Somebody whispered to someone else on the other side of the room. Their heads bent together in my peripheral vision, but I couldn’t look away. Mr. Herbert’s face moved a half foot from my own. “Even you might be famous in the future.” His shoulders scrunched up, and his tongue clicked against the back of his teeth twice. Then he straightened. My heart pounded in relief as he moved away.

“Wouldn’t that be something, to teach in the class where a young William Shakespeare listened to your words, where you could observe the child on his way to becoming . . . a shaper of culture?”

Latasha texted, “bghs ntfk,” which translated as “bughouse nutfuck.”

What Latasha said out loud was, “If I had a time machine, I wouldn’t want to teach Sylvia Plath. I’d go back and kill Hitler when he was in high school.”

Mr. Herbert jumped like he’d been shocked. “Interesting example, Latasha. Almost prescient. But how would you know him? Hitler, I mean. When he was seventeen, he wanted to be an artist.”

He sidled to the front of the class. I’d never actually seen anyone “sidle” before. Peculiar looking.

The class watched, all of them. Something wasn’t right with his voice; it quivered, and when he reached the desk and actually stroked his briefcase, I could almost hear the goosebumps rising on the other kids’ skin.

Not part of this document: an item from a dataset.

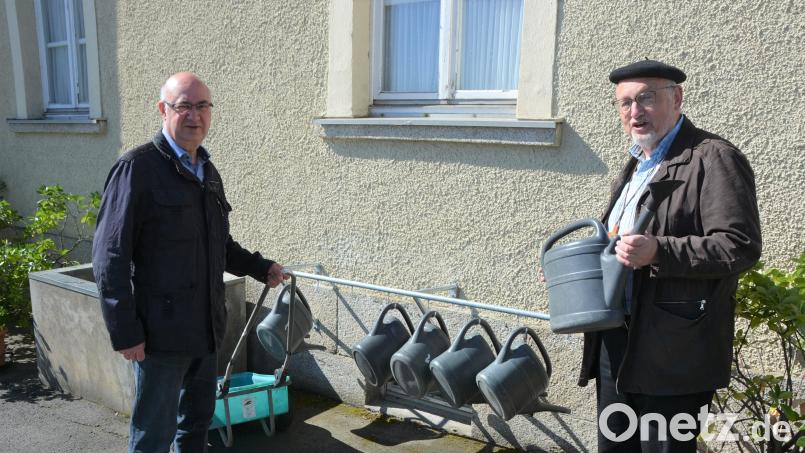 Kirchenpfleger Wolfgang Hecht (links) und Stadtpfarrer Anton Witt stellten das neue Pfandsystem für die Gießkannen und Transportwagen am Mitterteicher Friedhof vor. Wer zwei Euro einwirft, kann sich eine Gießkanne ausleihen, beim Zurückbringen erhält er das Geld zurück. Bild: jr
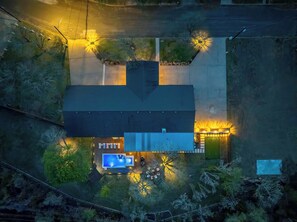 An aerial view of a house with a swimming pool, a garage, and a well-lit driveway. - Enchanted Vine - Pool, Spa, Sauna & Speakeasy (Fredericksburg)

Latasha seemed unperturbed, but that’s the way she has always been, utterly confident. She called it detachment. She’d told me once that you had to be able to step back from what was going on or you couldn’t judge it. When she burned her leg so badly on a motorcycle exhaust pipe last summer (who hops on a motorcyle with a guy she just met while wearing a short skirt anyway?), she said that she smelled the burning skin before she felt it, and it was like it was happening to someone else.

“I’d have a picture of him, of course. Even Hitler didn’t know he was Hitler at seventeen.”

“Yes.” Mr. Herbert laughed, and by then everyone had to have been convinced he was not right. “Hitler didn’t know. Mark Twain didn’t know. Twain thought he would be a riverboat captain.”

He toyed with his briefcase’s latch. Suddenly, I pictured a gun in it, or a bomb.

“Now here’s an interesting thought.” His finger popped the latch, then he pressed it closed with a click. “What if Adolf Hitler and Sylvia Plath were in the same high school class? Wouldn’t that be an incredible coincidence? Don’t you think a historian would love to see their interactions, if he could?” The latch popped open again. He snapped it shut.

Mr. Herbert looked out at us, waiting for an answer. Finally, Taylor said in a shaky voice, “They couldn’t be classmates, could they? He was in Germany, and she was American?”

I texted Latasha, “911?”

“Did you know that Plath’s epitaph on her tombstone reads, ‘Even amidst fierce flames the golden lotus can be planted.’ If she and Hitler had been classmates, wouldn’t that have been an appropriate message? He would have destroyed and she would have created. But Plath isn’t influential enough. No, imagine William Shakespeare and Adolf Hitler in the same class. The bright and dark, side by side, maybe drinking buddies when they were young.” He glanced at his watch. “I don’t have much time. Hey, nonny.”

No one said anything to that. I wondered if I could text the main office to send help. Maybe I was crazy, and Mr. Herbert was just an eccentric, or he was setting us up for an amazing lesson on John Steinbeck. I was in a classroom once where the teacher staged an argument with a principal. The principal came in and began yelling at her, but it was nonsense, like, “We don’t flatter pancakes when they are stuffed with raisins.” Then Ms Benda took an umbrella from her desk, put it in the corner of the room, while he pulled an apple, a bouquet of flowers and a flashlight out of a red backpack he carried, dropping them one by one into the trashcan. She walked to the black board and started writing, all the time they were still yelling. This went on for a minute, before she said, “Thank you,” and he left. She told us to write down everything that happened in detail in our notebooks. It turned out the whole façade was an exercise in observation and description.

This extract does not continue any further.